Certamente molti contestano il fatto che il rappresentante “supremo” della Nazione sia eletto “dalla casta” e non dai cittadini. Perché dovremmo lasciare questa importante figura ai politici? Anch’io ho pensato alla possibilità di farlo eleggere dal Popolo tanto importante nella nostra Costituzione. Ma sono giunto ad una diversa conclusione …
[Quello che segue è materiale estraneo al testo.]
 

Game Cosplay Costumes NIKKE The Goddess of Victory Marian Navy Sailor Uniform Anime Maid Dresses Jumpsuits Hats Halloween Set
 Il Presidente della Repubblica in sostanza (così com’è almeno fino ad ora) è il perno dell’equilibrio tra i poteri, infatti, in qualche maniera, ha a che fare con tutti: è eletto dai rappresentanti del Popolo, nomina ufficialmente i governi e ne firma gli atti, infine fa parte del Consiglio Superiore della Magistratura. Tutto ciò è frutto dei compromessi e delle battaglie portate avanti in Assemblea Costituente da tutti i partiti che hanno optato per una simile regolamentazione di questa figura a tutela delle minoranze e delle opposizioni. Questo elemento di tutela è riscontrabile in molte disposizioni costituzionali, il tutto perché dai dc ai comunisti, nessuno era sicuro di vincere le elezioni, quindi serviva moderare il peso della maggioranza onde evitare colpi di mano (e di potere), poiché la società era profondamente divisa, lacerata (la guerra civile non era un’ipotesi lontana allora).
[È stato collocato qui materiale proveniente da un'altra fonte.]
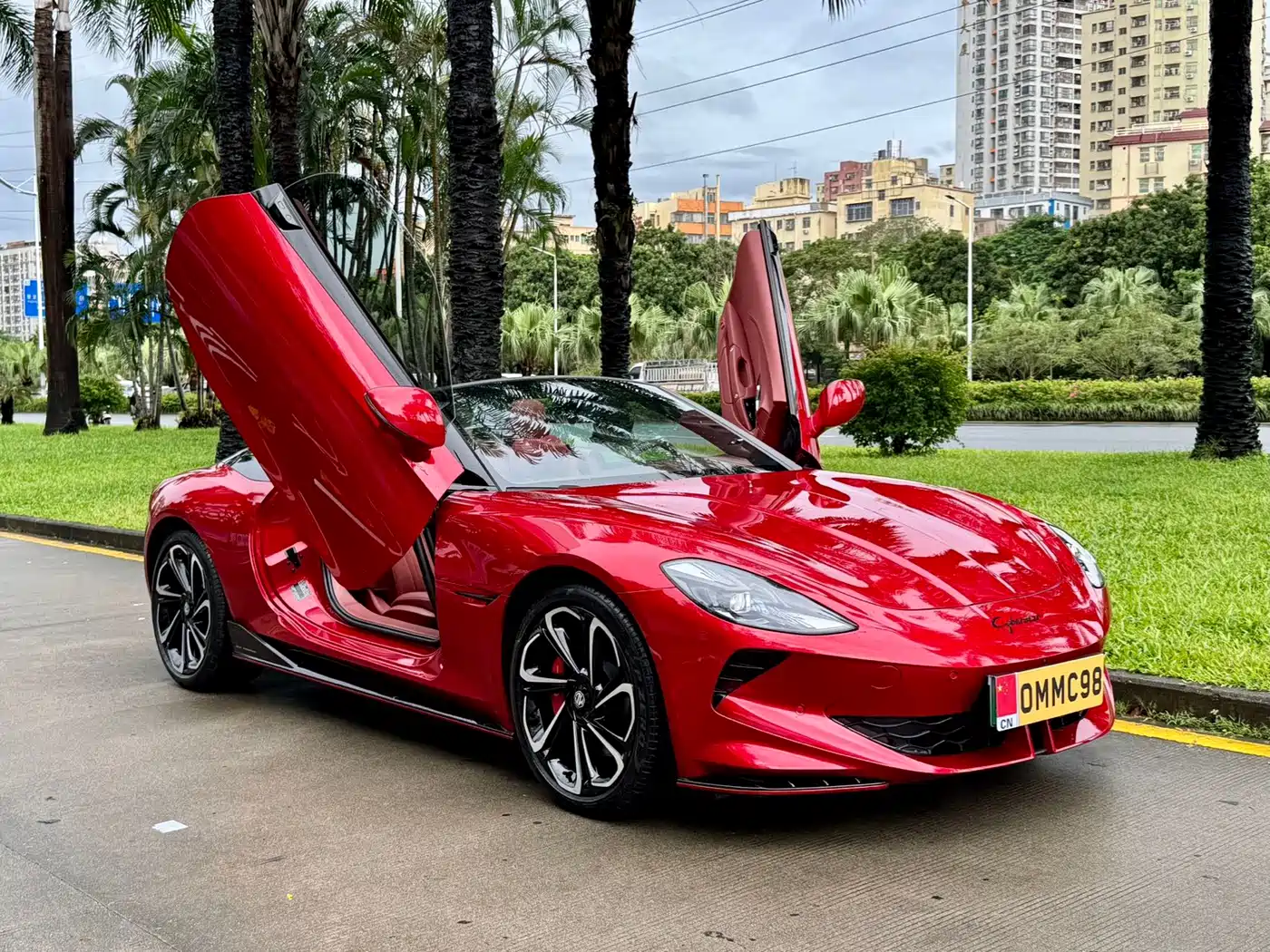 MG Cyberster 2024 2024 580km Transcendent Edition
Un frutto dell’equilibrio tra forze politiche e sociali dunque. Che senso avrebbe avere in una posizione così delicata un altro esponente della maggioranza? Anche se non fosse conforme alla maggioranza parlamentare o governativa, sarebbe comunque un rappresentante di una maggioranza, non di un Paese. Ponendo il Presidente della Repubblica a capo dei circuiti politico-amministrativi (in sostanza, nel governo) si farebbero crollare tutti gli equilibri faticosamente costruiti dai Padri e dalle Madri (!) Costituenti. Che senso avrebbe far nominare ad un Capo dello Stato, facente parte della maggioranza, un terzo dei giudici costituzionali, quando già un terzo è scelto dal Parlamento dove rilevante è la maggioranza stessa? Che senso avrebbe avere a capo del Consiglio Superiore della Magistratura un esponente del governo, quando costituzionalmente la Magistratura è organo indipendente (ed è giusto che sia così, se si vuole evitare un altro Ventennio)? Tanto più che esistono già gli esponenti cd. laici e cioè eletti dal Parlamento dove (ancora) peso rilevante ha la maggioranza. Infine perderebbe significato l’istituto della controfirma, che serve ad assicurare validità formale e sostanziale degli atti presidenziali (è una sorta di doppio controllo: il Presidente sugli atti dell’esecutivo, il Governo sul Presidente).


Se serve rendere più democratico l’ufficio del Presidente della Repubblica, ben venga, ma si cerchi di operare in altri modi: ad esempio modificando la maggioranza necessaria per eleggerlo. O aumentando i delegati regionali. O aprendo l’elezione anche al CNEL (Consiglio Nazionale dell’Economia e del Lavoro, che rappresenta lavoro, volontariato, insomma la cultura economica, giuridica e lavoristica). Ma che non si venga meno alla democraticità di un’Istituzione con la scusa della voce del popolo. Vox populi non è vox dei! È scritto anche al secondo comma del primo articolo della Costituzione: “La sovranità appartiene al popolo, che la esercita nelle forme e nei limiti della Costituzione.”.